I forgot to remove the "raising it to the power of u" part, because we don't necessarily need a generator of the subgroup. We just need a non-v-th power.
That's what I thought. Can you fix it, please?
Sure. For the case v = 2, by handling differently you mean in taking roots, i.e., square roots?
Looking at Shoup's paper, I'm just guessing that some 2 become 4 then. Didn't really check the details, but I guess we can just say that when v=2 the generalization is straightforward, cf. Shoup. It'd be good to at least be sure that's really straightforward.
Which paper? 1993?
1990, the one you cite to justify that the trace generates the field.

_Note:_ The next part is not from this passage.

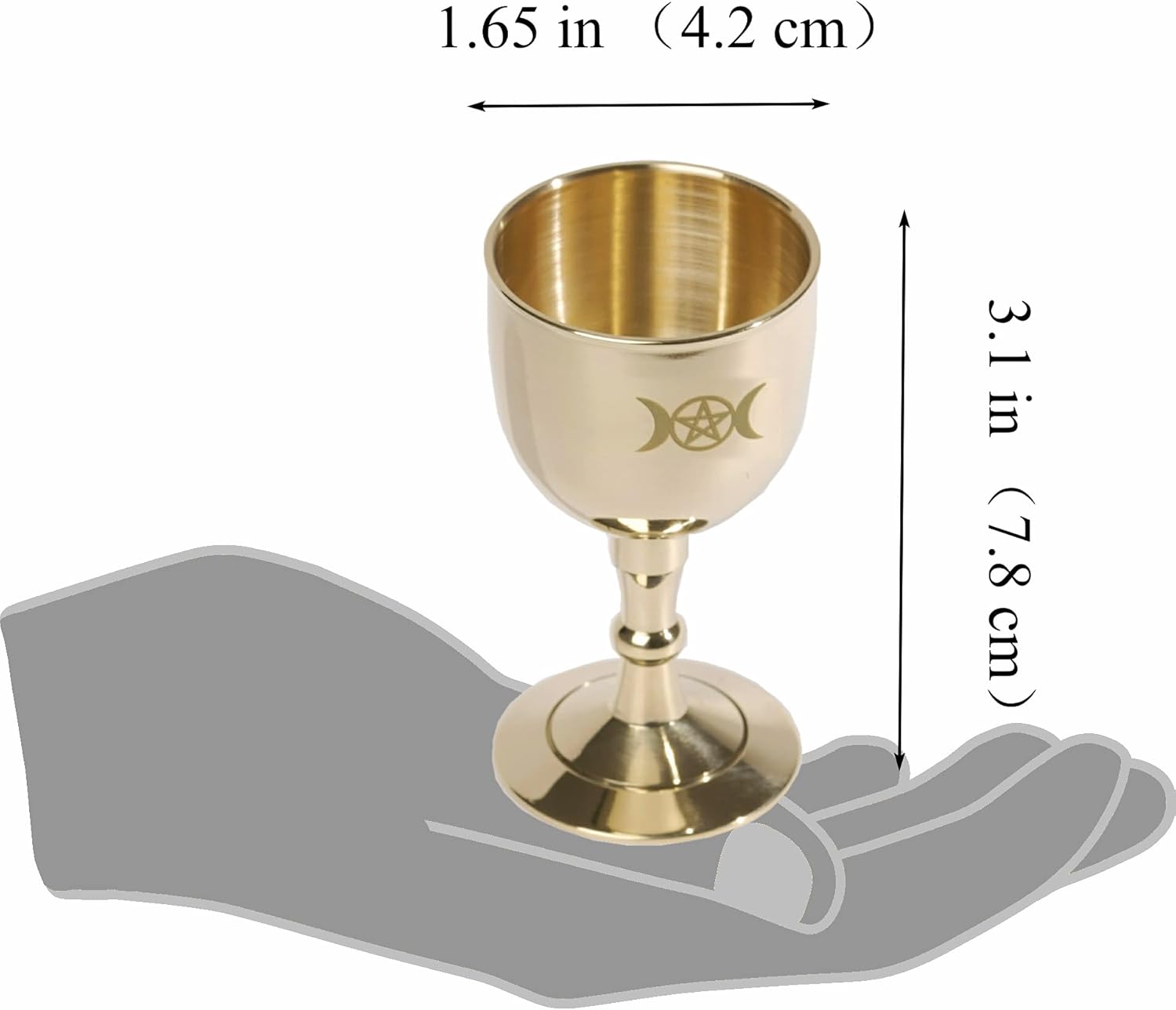 Mini Brass Altar Bell and Altarchalice, Triple Moon Goddess and Pentagram Wiccan Accessories and Tools, Altar Ritual Kit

I added the 1993 as well right now. In Algorithm 13 it references the 1990 paper for the proof. He talks about r = 2 separately but I don't think we need to do the same. Take a look!
Have you pushed?
No. I'll push when I go back to my desktop at IQC.

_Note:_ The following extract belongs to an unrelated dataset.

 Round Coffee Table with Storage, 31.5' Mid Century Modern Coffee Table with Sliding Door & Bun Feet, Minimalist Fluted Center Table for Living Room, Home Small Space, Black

So, this sentence is false when v=2:
It follows from q^s = 1 mod v^t that q^rs - 1 = ũv^(t+d) where gcd(ũ, v) = 1.
Take q = 7, d = 2. However, I don't think you need gcd(ũ, v) = 1 for the algorithm to run, so the fix is easy.
Or, more generally, p = -1 mod 4, d=whatever.
Can you double check?
Also, is this sentence really needed?
Then θ₁ is a non-v-th power in k(ζ)*.
It feels dangling, and I don't see what use we have for it. In particular, this is false when v=2.
Correct, the appropriate sentence would be: It follows from v^t | q^s - 1 that v^{t + d} | q^{rs} - 1.
Yup, that should address exactly what the reviewer asked for:
Explain why the v^d-th roots of eta exist in k(zeta) (write explicitly that q^s=1 \pmod{v^t} imply q^{s*v^d}=1 \pmod{v^{t+d}})
Done.
Page 18, 3.3: High degree prime power: Given the claim that the algorithm in this section was not published elsewhere, proof of correctness should be given. 1) Explain why k(zeta)/k is of degree s. 2) Explain why the v^d-th roots of eta exist in k(zeta) (write explicitly that q^s=1 \pmod{v^t} imply q^{s*v^d}=1 \pmod{v^{t+d}}) 3) It is not sufficient for eta to be a non v-th power. for theta to belong to the subgroup of order v^{d+t}. Instead it must be requested that eta be of order exactly v^t, which can be achieved by taking the u power of a non v-th power. 4) It should be explained why k(zeta)=Fq(theta). 5) It should be explained why the conjugacy class of theta is unique, and thus why alpha -> beta is an isomorphism.